The data below must be repeated exactly. Leave nothing out.

**RAW DATA**

· · · · · · ·

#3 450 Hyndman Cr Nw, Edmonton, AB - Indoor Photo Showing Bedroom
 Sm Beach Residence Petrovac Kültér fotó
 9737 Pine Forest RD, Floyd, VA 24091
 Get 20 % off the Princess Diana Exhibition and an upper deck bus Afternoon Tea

· · · · · · ·

**SOLUTION TO THIS TASK**
#3 450 Hyndman Cr Nw, Edmonton, AB - Indoor Photo Showing Bedroom
 Sm Beach Residence Petrovac Kültér fotó
 9737 Pine Forest RD, Floyd, VA 24091
 Get 20 % off the Princess Diana Exhibition and an upper deck bus Afternoon Tea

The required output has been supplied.